Reputation: 1
I have a dataset that has a date object (one date per individual).
I'd like to get the sum of all possible pairs that meet pre-specified criteria. For example, I want the total number of pairs that could be "matched" based on the fact that their dates were within, say, 15 days of each other:
df <- data.frame("ID"=c(1:5), "Date"=c("2005-01-05","2005-01-08","2005-01-21","2005-01-22","2005-02-04"))
df
ID1 matches with ID2, ID2 matches with ID3, ID2 matches with ID4 ID3 matches with ID4, ID3 matches with ID5 ID4 matches with ID5
All I want for output is the sum of all possible pairs (in this case, n=6 possible pairs).

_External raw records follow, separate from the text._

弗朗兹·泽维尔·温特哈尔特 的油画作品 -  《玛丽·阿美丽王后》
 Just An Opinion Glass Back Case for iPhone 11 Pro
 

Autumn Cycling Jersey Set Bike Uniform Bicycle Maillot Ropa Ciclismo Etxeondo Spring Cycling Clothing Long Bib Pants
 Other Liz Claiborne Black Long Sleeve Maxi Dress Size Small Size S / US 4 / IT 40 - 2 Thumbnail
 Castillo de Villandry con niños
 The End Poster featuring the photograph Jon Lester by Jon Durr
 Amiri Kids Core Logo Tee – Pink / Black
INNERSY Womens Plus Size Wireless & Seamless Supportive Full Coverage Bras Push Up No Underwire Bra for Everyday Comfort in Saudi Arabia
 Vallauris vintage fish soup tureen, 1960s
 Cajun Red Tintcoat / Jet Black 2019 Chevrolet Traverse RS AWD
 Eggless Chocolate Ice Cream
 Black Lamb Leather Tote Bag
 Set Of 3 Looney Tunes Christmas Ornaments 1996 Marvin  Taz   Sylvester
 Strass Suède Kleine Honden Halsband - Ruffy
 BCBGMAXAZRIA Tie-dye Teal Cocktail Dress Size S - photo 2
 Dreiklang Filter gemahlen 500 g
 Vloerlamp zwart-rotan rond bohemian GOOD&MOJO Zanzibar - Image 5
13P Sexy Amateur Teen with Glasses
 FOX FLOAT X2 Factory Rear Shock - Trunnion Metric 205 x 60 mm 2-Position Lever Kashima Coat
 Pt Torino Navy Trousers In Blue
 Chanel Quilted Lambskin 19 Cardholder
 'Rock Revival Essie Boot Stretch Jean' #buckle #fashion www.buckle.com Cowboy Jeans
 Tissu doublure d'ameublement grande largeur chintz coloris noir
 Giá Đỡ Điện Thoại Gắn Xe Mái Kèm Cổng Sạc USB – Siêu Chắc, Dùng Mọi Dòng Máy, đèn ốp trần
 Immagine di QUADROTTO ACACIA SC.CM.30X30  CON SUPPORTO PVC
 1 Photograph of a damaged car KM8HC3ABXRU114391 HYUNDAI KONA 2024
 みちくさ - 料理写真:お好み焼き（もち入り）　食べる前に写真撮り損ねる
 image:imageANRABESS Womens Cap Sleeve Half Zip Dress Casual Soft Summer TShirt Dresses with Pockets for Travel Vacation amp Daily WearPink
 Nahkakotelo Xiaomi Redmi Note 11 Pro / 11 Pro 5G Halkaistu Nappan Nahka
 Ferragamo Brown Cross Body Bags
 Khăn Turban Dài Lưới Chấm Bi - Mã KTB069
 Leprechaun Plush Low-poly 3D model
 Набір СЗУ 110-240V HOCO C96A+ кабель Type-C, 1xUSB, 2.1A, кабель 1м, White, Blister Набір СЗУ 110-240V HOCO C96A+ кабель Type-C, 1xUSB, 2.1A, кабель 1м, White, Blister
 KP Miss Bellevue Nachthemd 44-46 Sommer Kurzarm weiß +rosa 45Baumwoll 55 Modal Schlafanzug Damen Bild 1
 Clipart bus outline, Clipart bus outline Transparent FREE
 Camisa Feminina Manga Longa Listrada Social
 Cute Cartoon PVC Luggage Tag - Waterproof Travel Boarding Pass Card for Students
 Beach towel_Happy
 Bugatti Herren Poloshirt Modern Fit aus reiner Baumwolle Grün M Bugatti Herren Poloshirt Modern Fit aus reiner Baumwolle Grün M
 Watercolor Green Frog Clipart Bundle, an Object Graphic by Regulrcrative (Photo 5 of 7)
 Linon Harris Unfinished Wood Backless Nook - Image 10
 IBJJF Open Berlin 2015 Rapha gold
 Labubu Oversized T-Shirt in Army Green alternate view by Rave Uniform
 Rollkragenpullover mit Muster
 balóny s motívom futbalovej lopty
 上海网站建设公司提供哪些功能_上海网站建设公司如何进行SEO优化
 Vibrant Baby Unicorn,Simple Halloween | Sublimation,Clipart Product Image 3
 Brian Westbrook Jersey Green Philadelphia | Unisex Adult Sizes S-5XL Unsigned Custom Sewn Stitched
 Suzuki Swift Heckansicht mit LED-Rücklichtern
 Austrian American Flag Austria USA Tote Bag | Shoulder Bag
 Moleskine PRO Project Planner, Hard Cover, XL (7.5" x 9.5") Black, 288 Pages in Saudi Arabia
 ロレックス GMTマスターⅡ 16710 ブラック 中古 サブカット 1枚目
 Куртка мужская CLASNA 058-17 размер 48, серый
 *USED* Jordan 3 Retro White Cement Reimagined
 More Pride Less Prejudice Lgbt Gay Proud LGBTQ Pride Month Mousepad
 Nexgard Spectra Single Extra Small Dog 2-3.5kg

I've played with ddply and aggregate functions quite a bit for this problem, but really can't nail down where I'm going wrong. I suspect it has something to do with the fact that I have date objects. I'll spare you all of my elementary attempted, unsuccessful solutions.
And no, this is not homework. Somewhat new to R and this is part of a larger cluster analysis project I am working on.
Upvotes: 0
Views: 70
Reputation: 2636
df <- data.frame("ID"=c(1:5), "Date"=c("2005-01-05","2005-01-08","2005-01-
21","2005-01-22","2005-02-04"))
df$Date <- as.Date(df$Date) #coerce to Date
#create a square matrix; each col contains same dates
m1 <- matrix(df$Date,nrow=nrow(df),ncol=nrow(df))
m2 <- t(m1) #transpose
m1
m2
#subtract the two matrices; and subset lower triangle of result
diff <- (m1-m2)[lower.tri(m1)]
sum(abs(diff) <= 15) #count those that meet criteria
Upvotes: 1
Reputation: 19544
df <- data.frame("ID"=c(1:5), "Date"=c("2005-01-05","2005-01-08","2005-01-21","2005-01-22","2005-02-04"))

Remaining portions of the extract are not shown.